Material for this exercise →
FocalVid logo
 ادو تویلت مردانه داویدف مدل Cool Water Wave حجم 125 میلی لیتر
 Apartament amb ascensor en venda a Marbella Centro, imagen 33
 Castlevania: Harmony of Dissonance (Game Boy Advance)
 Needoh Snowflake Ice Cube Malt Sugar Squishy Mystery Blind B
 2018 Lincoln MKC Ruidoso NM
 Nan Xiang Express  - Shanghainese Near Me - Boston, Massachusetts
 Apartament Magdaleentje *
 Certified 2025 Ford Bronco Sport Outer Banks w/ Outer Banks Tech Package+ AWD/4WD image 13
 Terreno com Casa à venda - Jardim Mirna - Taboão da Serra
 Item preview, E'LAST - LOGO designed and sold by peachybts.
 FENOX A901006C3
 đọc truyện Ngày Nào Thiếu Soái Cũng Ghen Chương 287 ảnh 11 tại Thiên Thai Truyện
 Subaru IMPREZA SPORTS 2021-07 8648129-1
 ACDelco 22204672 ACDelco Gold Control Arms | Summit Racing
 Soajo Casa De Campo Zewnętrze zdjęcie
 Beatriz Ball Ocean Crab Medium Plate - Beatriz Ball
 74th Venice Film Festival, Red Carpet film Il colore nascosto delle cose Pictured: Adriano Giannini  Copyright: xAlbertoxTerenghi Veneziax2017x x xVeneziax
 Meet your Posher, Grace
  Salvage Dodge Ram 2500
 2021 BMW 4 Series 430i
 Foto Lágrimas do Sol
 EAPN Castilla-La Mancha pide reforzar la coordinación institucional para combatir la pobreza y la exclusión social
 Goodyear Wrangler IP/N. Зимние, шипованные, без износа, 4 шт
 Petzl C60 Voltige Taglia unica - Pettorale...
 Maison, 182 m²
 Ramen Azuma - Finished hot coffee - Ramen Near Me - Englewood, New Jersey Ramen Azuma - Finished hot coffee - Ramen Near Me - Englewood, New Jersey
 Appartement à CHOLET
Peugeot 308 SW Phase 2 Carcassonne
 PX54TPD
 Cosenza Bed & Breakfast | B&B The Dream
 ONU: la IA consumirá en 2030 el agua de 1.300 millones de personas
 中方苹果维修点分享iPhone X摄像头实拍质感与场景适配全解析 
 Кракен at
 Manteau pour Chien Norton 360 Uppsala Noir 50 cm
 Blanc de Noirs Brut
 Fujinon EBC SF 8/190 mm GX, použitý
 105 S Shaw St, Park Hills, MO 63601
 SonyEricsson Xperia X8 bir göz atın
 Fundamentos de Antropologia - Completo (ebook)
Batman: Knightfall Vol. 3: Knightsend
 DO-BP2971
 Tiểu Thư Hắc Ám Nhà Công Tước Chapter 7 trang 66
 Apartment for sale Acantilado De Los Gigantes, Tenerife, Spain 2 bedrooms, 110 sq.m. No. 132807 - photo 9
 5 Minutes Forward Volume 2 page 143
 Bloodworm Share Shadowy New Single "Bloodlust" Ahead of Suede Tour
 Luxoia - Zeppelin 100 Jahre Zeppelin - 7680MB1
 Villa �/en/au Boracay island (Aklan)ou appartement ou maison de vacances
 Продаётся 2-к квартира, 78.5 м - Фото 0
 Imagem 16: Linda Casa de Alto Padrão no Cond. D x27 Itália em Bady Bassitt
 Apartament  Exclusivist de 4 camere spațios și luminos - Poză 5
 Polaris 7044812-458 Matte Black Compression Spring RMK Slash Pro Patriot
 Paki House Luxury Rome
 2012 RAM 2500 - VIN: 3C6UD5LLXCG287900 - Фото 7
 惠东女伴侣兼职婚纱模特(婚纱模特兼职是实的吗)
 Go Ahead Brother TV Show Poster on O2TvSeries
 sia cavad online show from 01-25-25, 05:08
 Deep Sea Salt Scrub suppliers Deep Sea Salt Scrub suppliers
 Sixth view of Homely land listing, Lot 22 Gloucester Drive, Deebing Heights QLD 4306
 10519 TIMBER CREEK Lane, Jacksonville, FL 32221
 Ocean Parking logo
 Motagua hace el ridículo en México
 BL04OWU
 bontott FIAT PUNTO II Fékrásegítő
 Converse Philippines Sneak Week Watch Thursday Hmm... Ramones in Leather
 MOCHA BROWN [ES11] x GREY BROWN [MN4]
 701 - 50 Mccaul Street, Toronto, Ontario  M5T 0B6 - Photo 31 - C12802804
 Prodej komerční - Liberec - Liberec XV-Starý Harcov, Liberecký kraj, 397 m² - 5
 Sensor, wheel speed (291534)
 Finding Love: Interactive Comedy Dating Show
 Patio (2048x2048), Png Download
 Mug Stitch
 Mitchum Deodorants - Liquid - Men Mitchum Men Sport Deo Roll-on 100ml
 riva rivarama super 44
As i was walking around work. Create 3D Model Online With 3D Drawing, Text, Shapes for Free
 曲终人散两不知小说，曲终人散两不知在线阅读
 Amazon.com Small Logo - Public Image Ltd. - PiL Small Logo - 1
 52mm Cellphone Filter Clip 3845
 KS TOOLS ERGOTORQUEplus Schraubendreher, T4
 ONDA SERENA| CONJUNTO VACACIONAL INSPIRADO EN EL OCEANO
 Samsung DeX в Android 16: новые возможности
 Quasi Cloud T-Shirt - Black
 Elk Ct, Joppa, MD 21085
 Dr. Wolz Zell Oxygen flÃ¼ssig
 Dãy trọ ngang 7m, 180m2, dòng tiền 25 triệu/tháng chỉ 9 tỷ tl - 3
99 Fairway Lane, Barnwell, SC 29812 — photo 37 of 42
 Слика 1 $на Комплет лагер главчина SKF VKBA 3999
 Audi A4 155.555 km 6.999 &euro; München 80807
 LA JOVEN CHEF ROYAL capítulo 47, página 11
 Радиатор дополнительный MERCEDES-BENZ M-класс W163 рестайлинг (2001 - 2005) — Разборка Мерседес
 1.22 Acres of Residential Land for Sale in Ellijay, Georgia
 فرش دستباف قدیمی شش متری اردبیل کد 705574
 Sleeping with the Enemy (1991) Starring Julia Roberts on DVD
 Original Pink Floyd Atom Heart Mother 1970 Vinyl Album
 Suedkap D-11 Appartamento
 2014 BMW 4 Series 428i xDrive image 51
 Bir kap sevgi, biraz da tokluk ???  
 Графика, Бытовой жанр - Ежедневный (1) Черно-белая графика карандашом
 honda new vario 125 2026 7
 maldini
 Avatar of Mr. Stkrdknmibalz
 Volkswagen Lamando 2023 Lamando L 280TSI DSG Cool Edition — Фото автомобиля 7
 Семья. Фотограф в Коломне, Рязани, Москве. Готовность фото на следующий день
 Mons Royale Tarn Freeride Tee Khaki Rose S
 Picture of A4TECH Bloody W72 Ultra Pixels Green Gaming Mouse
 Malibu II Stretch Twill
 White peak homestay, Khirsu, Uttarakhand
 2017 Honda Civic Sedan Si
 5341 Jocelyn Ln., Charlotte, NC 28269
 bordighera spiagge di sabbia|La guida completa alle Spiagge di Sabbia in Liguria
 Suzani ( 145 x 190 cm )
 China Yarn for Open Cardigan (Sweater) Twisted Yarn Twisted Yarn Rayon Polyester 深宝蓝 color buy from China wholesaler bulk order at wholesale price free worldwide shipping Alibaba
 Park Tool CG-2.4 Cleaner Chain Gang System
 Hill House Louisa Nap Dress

Instructions to follow →
Among the lines above, find the one with "Luxoia - Zeppelin" and the one with "luminos - Poză 5". Quote both and everything between them, exactly.

Result below →
 Luxoia - Zeppelin 100 Jahre Zeppelin - 7680MB1
 Villa �/en/au Boracay island (Aklan)ou appartement ou maison de vacances
 Продаётся 2-к квартира, 78.5 м - Фото 0
 Imagem 16: Linda Casa de Alto Padrão no Cond. D x27 Itália em Bady Bassitt
 Apartament  Exclusivist de 4 camere spațios și luminos - Poză 5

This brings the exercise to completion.